While labor would be temporarily satisfied, the advantage would really fall to the mine owners, who were opposed to the labor code, not so much because of its immediate effect of raising wages (since their profits were guaranteed by United States contracts), but were thinking ahead to after the war, when it might be very difficult for them to reduce wages again. By applying the Boal formula the problem of wages after the war would be solved.

Boal cabled Washington that the mine operators would have to ask for increased prices from Metals Reserve (an RFC subsidiary) if the labor code were enacted. The truth of the matter is that Metals Reserve had already given the Bolivian mine owners an increase in price and it was on the basis of this increase that the Bolivian Confederation of Labor had asked for increases in wages.

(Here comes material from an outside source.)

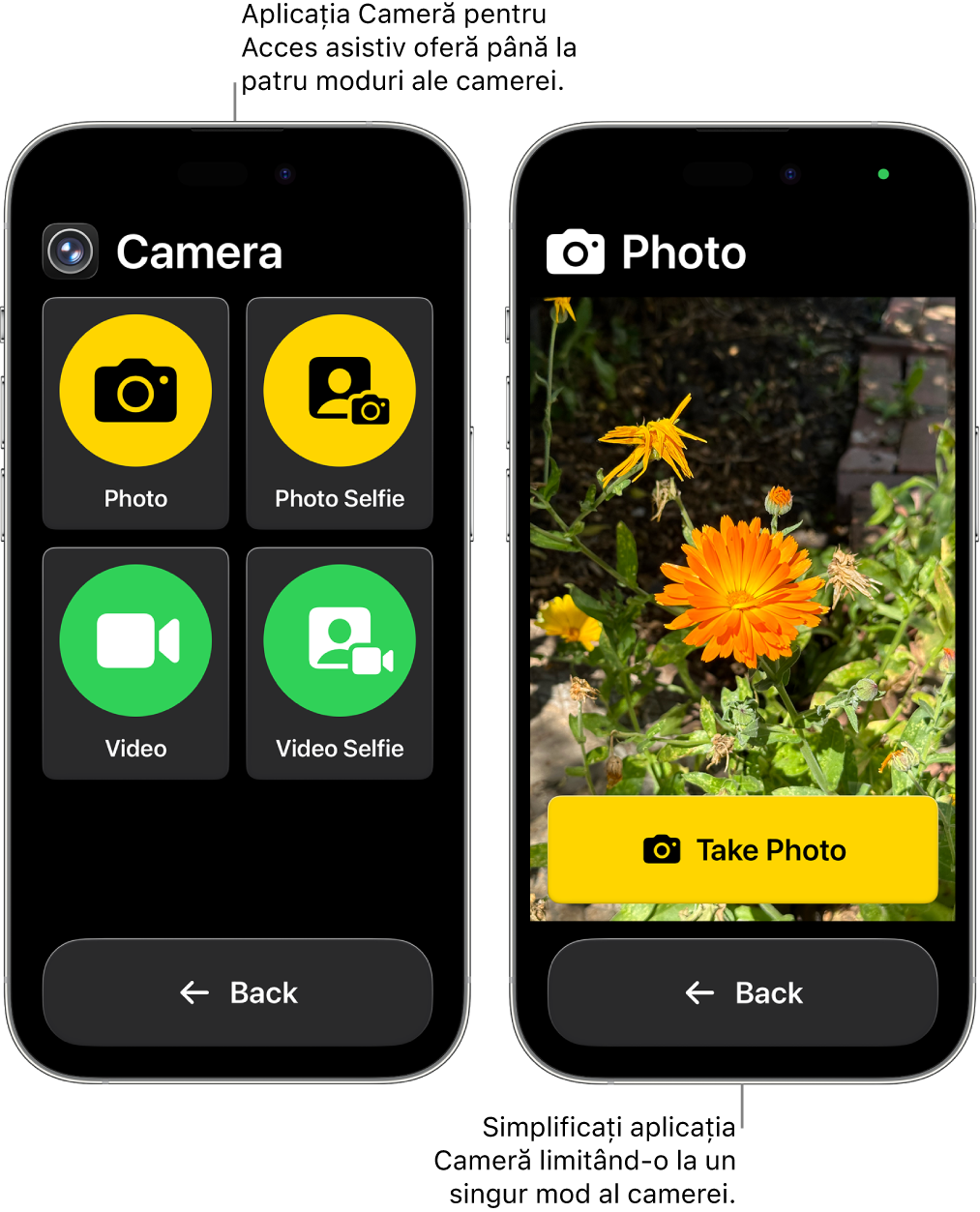 Două ecrane de iPhone în modul Acces asistiv. Un iPhone afișează aplicația Cameră cu modurile camerei pe care le poate alege utilizatorul (de exemplu, Video sau Selfie foto). Celălalt iPhone afișează aplicația Cameră cu un singur mod pentru poze.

Among other things which Boal cited in his telegram were the inconvenience collective bargaining would impose upon the mine owners, and the fact that the regular payment of wages would increase bookkeeping costs! Better that a man should starve than hire a bookkeeper! Boal explained that he also objected to regular payment of wages because it would induce the miners to quit their jobs. “They are now paid tardily deliberately in order to maintain them on the job and to give them a stake in their next month’s pay.”

Peonage has been the method by which the mine operators have been securing sufficient workers to run their mines. At fiesta time, when many of the Indians get drunk, advantage is taken of them to sign them up for work in the mines. By withholding wages, the miners are constantly in credit to the company and kept on the job. This condition is attested to by Boal himself.
 

The Facts – and Mr. Hull

The State Department has denied that Boal was instructed to intervene in the labor legislation of Bolivia. The telegram, sent to him by Secretary Hull, however, reads:

It is, however, considered desirable that you discreetly express to the (Bolivian) President or other appropriate authorities your government’s hope and confidence that no steps will be taken which might result in the creation of situations which would inhibit the full performance of contracts made in good faith by both parties. You may refer to the fact that agencies of this government have entered into important contracts for the purchase of various strategic materials, particularly tin, tungsten, antimony and rubber. It is, of course, patent that the uninterrupted flow of these items is essential to the optimum prosecution of the war. It is consequently hoped that no action will be taken which might jeopardize hemispheric security. Discreet reference can be made to Resolution IV of the Rio meeting on the production of strategic materials.”

Resolution IV recommended that the countries of the hemisphere “eliminate or minimize administrative formalities and regulations and restrictions which impede the production and free flow of basic and strategic materials.”

As a result of his revelation of these facts, Ernesto Galarza has had to resign his post with the Pan American Union. This too is an instrument through which the United States controls the Latin American countries. The Labor Division of this organization was ostensibly created to protect the economic interests of labor of the western hemisphere and to act as an international link between the working classes of all these countries.

As it turns out, the Pan American Union finds that it cannot intervene in any disputes as described above. Should one of its officials speak but in the interests of labor, then he has to leave his post. According to the director of the Pan American Union, Leo S. Rowe: “it is obvious that any questions relating to the conduct of the American Ambassador involve only the State Department. Bolivian labor problems are a matter for the Bolivian government. If the Pan American Union went into such matters, it could not last long.”

Exactly so! The Pan American Union was not created for that purpose!